We can rationalize to make everything exact, clear denominators, and compute a Groebner basis (slow, but it works) over the rational function field involving the parameters (non-variables, that is).
polys = Numerator[
Together[
Rationalize[
Map[First, {eq1, eq2, eq3, eq4, eq5, eq6, eq7, eq8, eq9,
eq10}]]]];
vars = {Ly, Lq, LA, gA, gB, r, g1, g2, g3, p};
Timing[
gb = GroebnerBasis[polys, vars,
CoefficientDomain -> RationalFunctions];]
(* Out[190]= {726.063, Null} *)
It's not small...
In[191]:= LeafCount[gb]
(* Out[191]= 4567713 *)
Structure is convenient however. First polynomial is cubic in p
, the rest are each linear in a unique variable and quaratic in p
. So each of the three solutions for p
will produce one value for each remaining variable.
In[192]:= Length[gb]
(* Out[192]= 10 *)
In[198]:= Map[Intersection[Variables[#], vars] &, gb]

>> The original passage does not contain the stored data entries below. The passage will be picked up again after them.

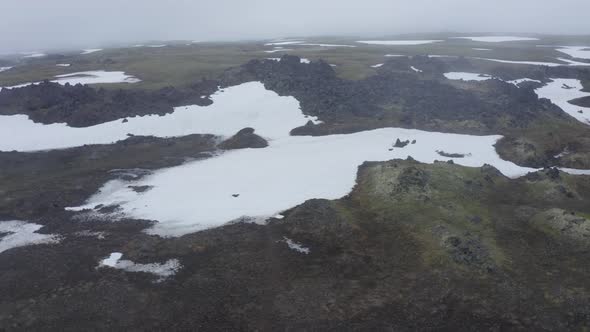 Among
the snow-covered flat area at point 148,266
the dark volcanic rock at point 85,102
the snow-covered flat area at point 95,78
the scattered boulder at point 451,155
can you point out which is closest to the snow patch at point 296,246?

(* Out[198]= {{p}, {g3, p}, {g2, p}, {g1, p}, {p, r}, {gB, p}, {gA,
p}, {LA, p}, {Lq, p}, {Ly, p}} *)
In[199]:= Exponent[gb[[1]], p]
(* Out[199]= 3 *)
All this aside, I would actually recommend a numeric approach wherein NSolve
is invoked for inputs where the parameters all have numeric instantiations. This is less prone to numeric issues resulting from trying to numerically instantiate within a massive symbolic solution of the sort that Solve
might provide from the Groebner basis.
--- edit ---
I should mention that adding Sort->True
to the GroebnerBasis
computation brings it down to 160 seconds on the same machine, with a result that is around 1/9 the size (measured by LeafCount
). So it's not entirely hopeless to do this symbolically.